Source material
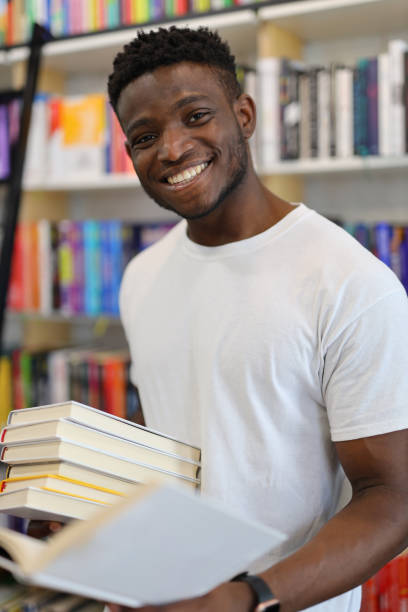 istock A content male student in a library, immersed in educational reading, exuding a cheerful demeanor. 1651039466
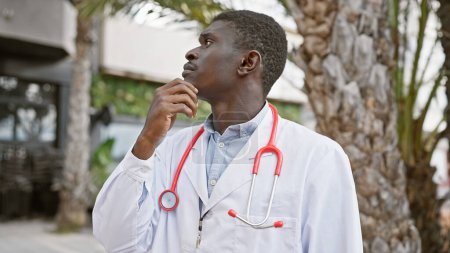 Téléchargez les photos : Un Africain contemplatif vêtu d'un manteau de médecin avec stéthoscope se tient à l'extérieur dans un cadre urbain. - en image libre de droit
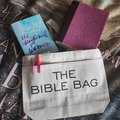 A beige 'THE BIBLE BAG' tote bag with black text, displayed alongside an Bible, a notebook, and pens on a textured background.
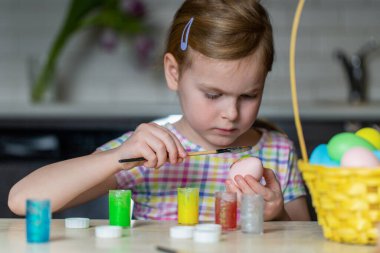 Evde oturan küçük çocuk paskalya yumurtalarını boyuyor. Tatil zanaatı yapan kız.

Instructions for the task
Word for word, restate the lines from the first line of the material through the line containing "Téléchargez les photos", with the pictures left out.

Result of this exercise
 istock A content male student in a library, immersed in educational reading, exuding a cheerful demeanor. 1651039466
 Téléchargez les photos : Un Africain contemplatif vêtu d'un manteau de médecin avec stéthoscope se tient à l'extérieur dans un cadre urbain. - en image libre de droit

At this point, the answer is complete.